**Problem to work on**
Look through the entries below and copy exactly the part that begins with the line containing "Утечка аммиака. Тушение пожаров" and ends with the line containing "Family With Two". Do not copy the pictures.

**Data records**
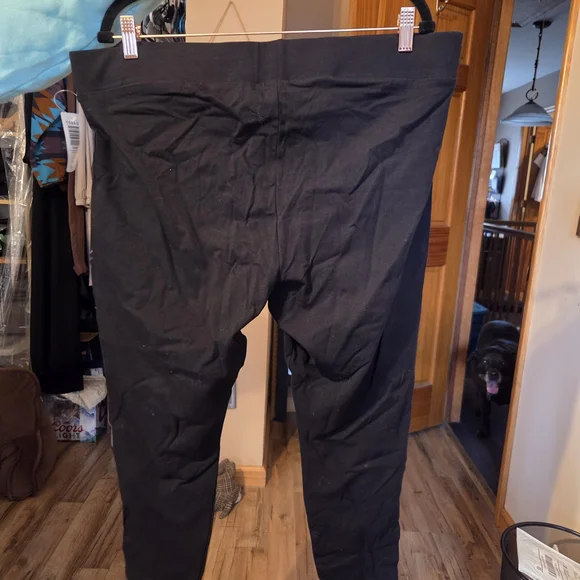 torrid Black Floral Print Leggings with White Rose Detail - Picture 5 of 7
--
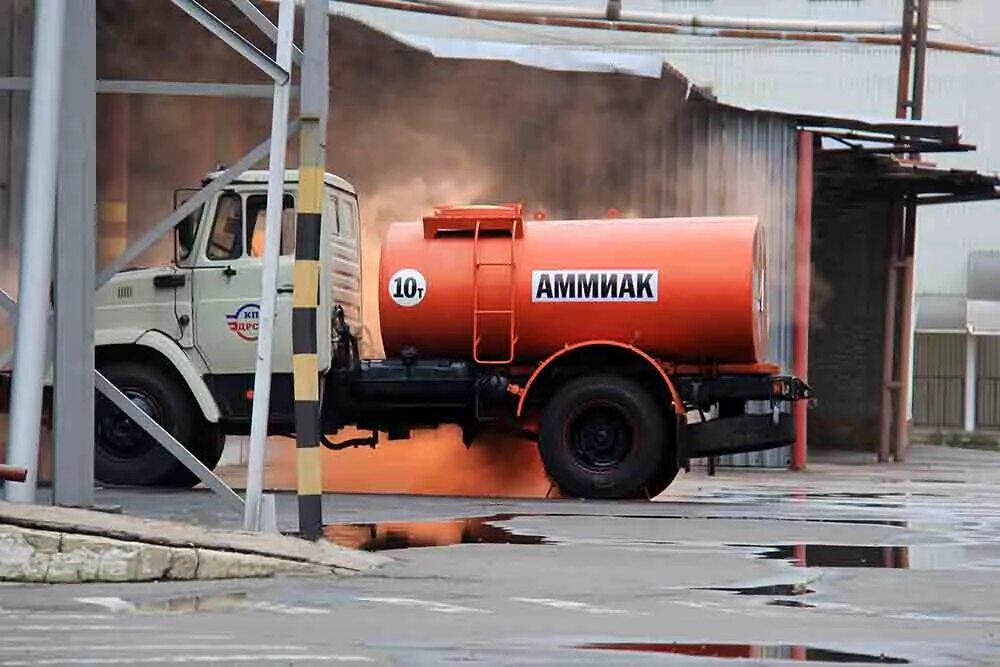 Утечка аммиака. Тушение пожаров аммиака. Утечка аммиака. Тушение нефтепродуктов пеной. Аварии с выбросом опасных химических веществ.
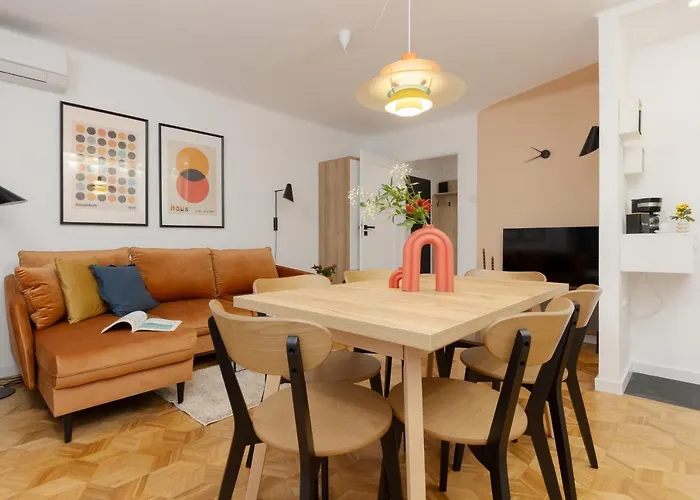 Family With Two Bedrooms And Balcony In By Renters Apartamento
==
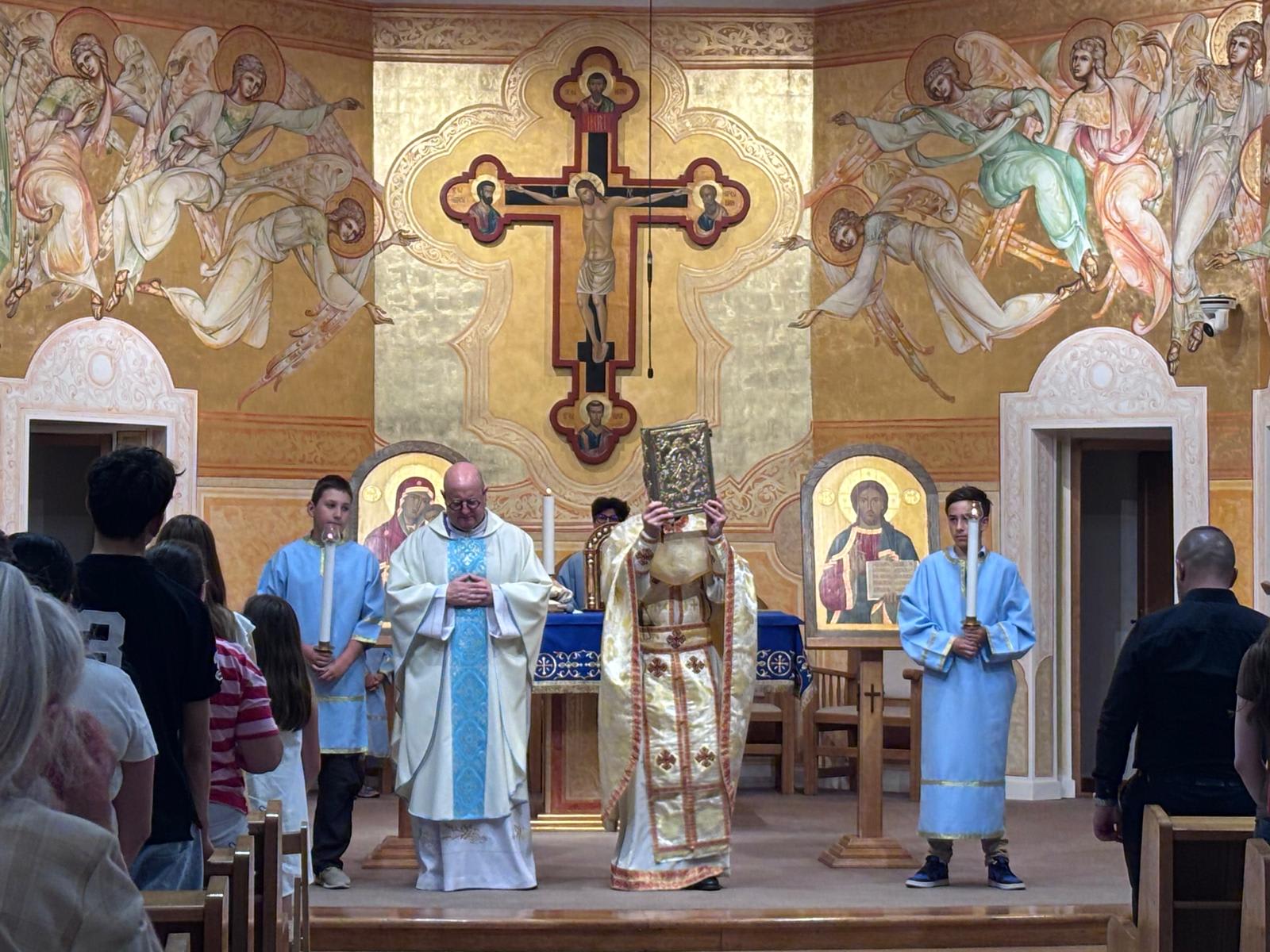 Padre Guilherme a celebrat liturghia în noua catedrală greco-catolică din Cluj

**Answer to the problem**
 Утечка аммиака. Тушение пожаров аммиака. Утечка аммиака. Тушение нефтепродуктов пеной. Аварии с выбросом опасных химических веществ.
 Family With Two Bedrooms And Balcony In By Renters Apartamento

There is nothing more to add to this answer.